:: Information shown ::
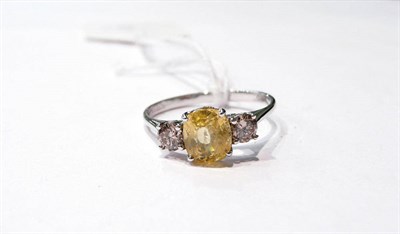 Lot 25 - A 14 carat white gold yellow sapphire and diamond ring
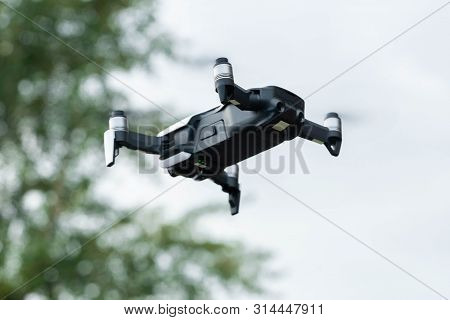 Close Up Of Drone Quadcopter Inflight. Cityscape Background.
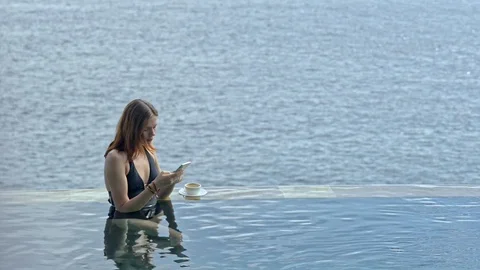 Young american woman using smartphone resting in ocean pool on bali island. Vídeo Stock 123090153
:::
Give every line of the data above again as it stands; the pictures stay out.

Exercise result
 Lot 25 - A 14 carat white gold yellow sapphire and diamond ring
 Close Up Of Drone Quadcopter Inflight. Cityscape Background.
 Young american woman using smartphone resting in ocean pool on bali island. Vídeo Stock 123090153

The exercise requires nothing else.